BEGIN
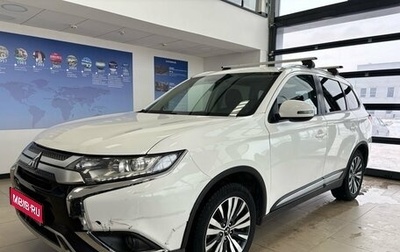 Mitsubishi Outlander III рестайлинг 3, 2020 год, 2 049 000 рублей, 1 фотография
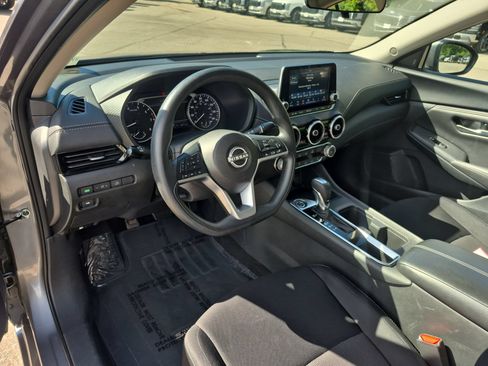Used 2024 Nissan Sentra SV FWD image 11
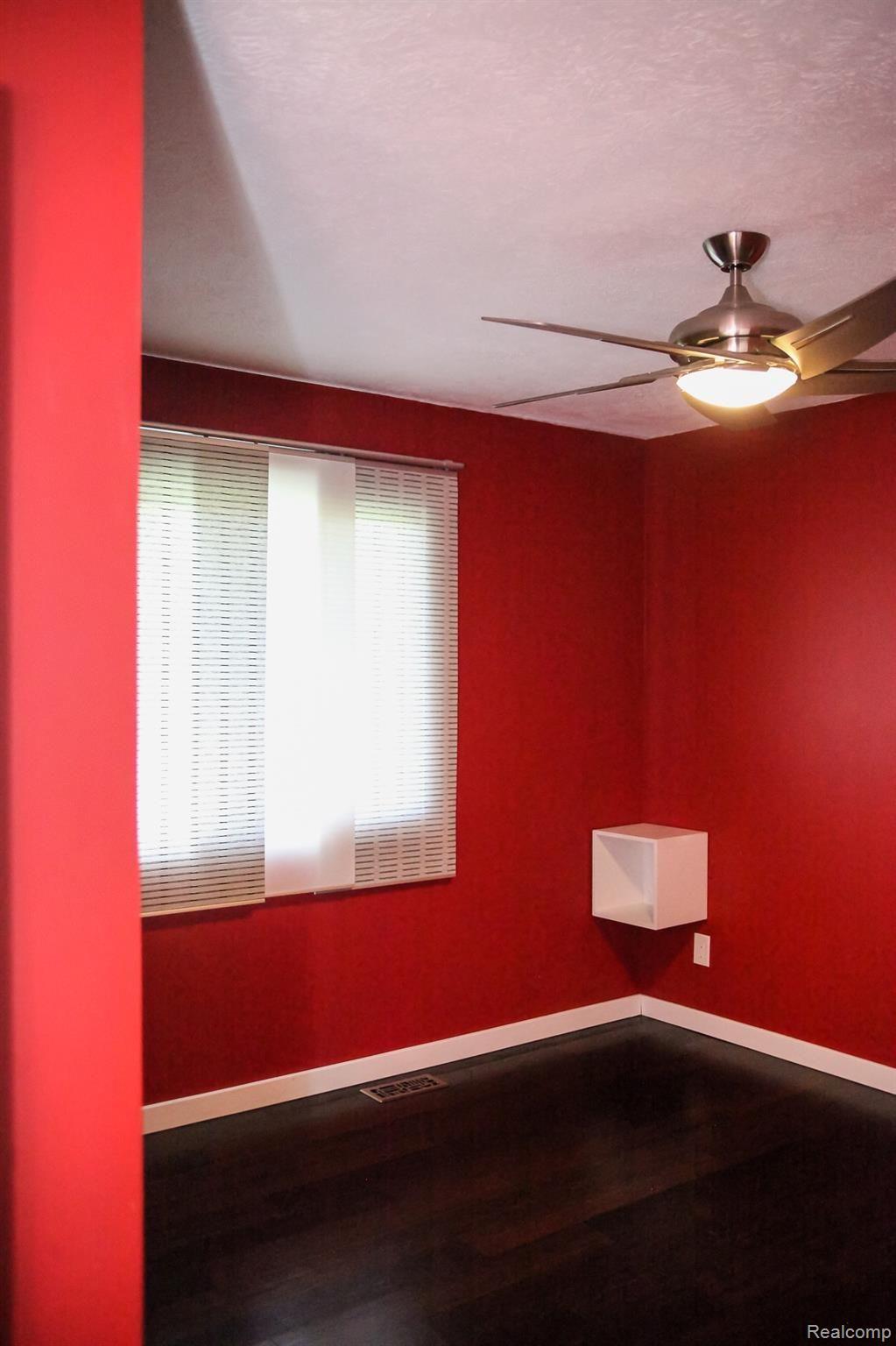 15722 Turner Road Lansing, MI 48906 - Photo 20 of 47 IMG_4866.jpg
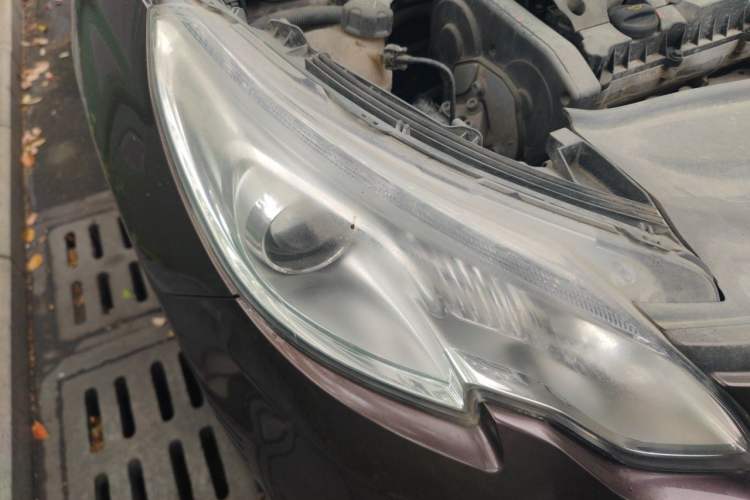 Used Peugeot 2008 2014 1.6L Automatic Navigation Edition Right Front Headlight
END
## [Work request]
Pictures are to be omitted; otherwise, write out the data exactly as it appears.

## [Reply]
 Mitsubishi Outlander III рестайлинг 3, 2020 год, 2 049 000 рублей, 1 фотография
Used 2024 Nissan Sentra SV FWD image 11
 15722 Turner Road Lansing, MI 48906 - Photo 20 of 47 IMG_4866.jpg
 Used Peugeot 2008 2014 1.6L Automatic Navigation Edition Right Front Headlight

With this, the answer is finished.